De volgende dag word ik laat wakker en omdat ik geen zin heb om al mijn spullen weer in te pakken blijf ik in de schrale homestay. Het vrouwtje dat beneden woont is wel heel aardig en ik moet het van mijn gebrekkige Spaans hebben want ze spreekt geen woord Engels. Mijn Spaans is helaas tijdens het reizen niet echt beter geworden omdat ik vooral met andere reizigers in het Engels praat en het met de locals bij simpele gesprekjes in het Spaans blijft. Ik moet echt meer aan mijn Spaans gaan werken.
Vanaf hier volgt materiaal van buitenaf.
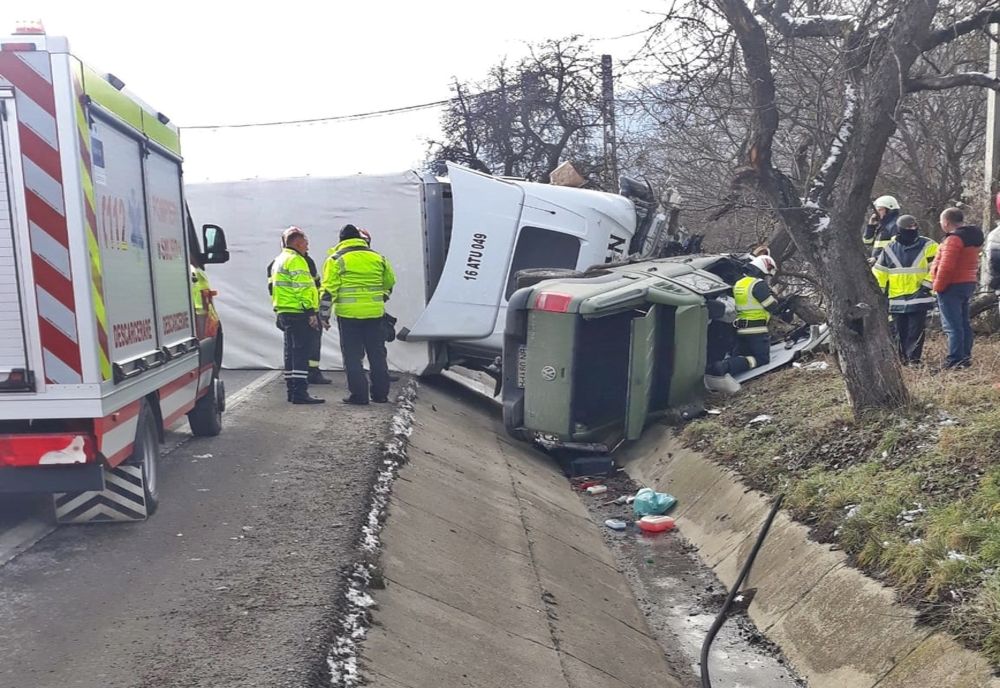 Accident cumplit pe DN 17, între Crainimăt și Viișoara! Un bistrițean a ajuns la spital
Maar eerst ga ik het schattige stadje bekijken waar op elke hoek van de straat wel een oud kerkje staat. Het centrum is niet zo groot en na een paar rondjes lopen ben ik alweer uitgeput en bezweet van de hitte, het is zo’n 37 graden, dat ik besluit op een terrasje met uitzicht op het plein te gaan zitten met een verkoelend drankje. Ik kom een aantal medereizigers tegen die ik eerder op Utila heb ontmoet en samen blijven we een tijd eten, drinken en chillen. Door de warmte heeft niemand echt veel energie om iets te doen en eigenlijk valt er ook niet zoveel te doen in León. Aan het eind van de middag ga ik weer terug naar mijn homestay waar ik een filmmarathon houd met een ventilator op m’n hoofd.
Ik ben alweer toe aan strand en de volgende dag reis ik naar Las Peñitas, dat ongeveer een half uur verderop ligt, naar een hostel aan het strand.
Las Peñitas
Wanneer ik hier aankom leer ik een Zwitsers meisje kennen en samen met haar ga ik iets eten in een van de weinige restaurants in de buurt. We sluiten de avond af met een paar biertjes in het hostel.
Met ontzettende keelpijn word ik de volgende ochtend wakker. Ik ben al twee dagen snotverkouden maar nu heb ik er ook nog keel- en hoofdpijn bij. Ik neem een ibuprofen en na een ontbijtje ga ik stug op het strand liggen. Na een paar uur word ik geroosterd door het zwarte zand in combinatie met de felle zon en verplaats ik mezelf naar de rand van het zwembad waar ik de rest van de dag blijf liggen. Ik besluit die avond vroeg naar bed te gaan samen met mijn barstende koppijn. Helaas voor mij is er die avond een beach party in het hostel dus ik bereid me alvast voor op een slechte nacht. Terwijl het feest een paar meter verderop losbarst lig ik met een mix van heimwee, hoofdpijn, keelpijn en een dikke snotneus in bed te hopen op wat slaap. Gelukkig pak ik toch nog een paar uurtjes.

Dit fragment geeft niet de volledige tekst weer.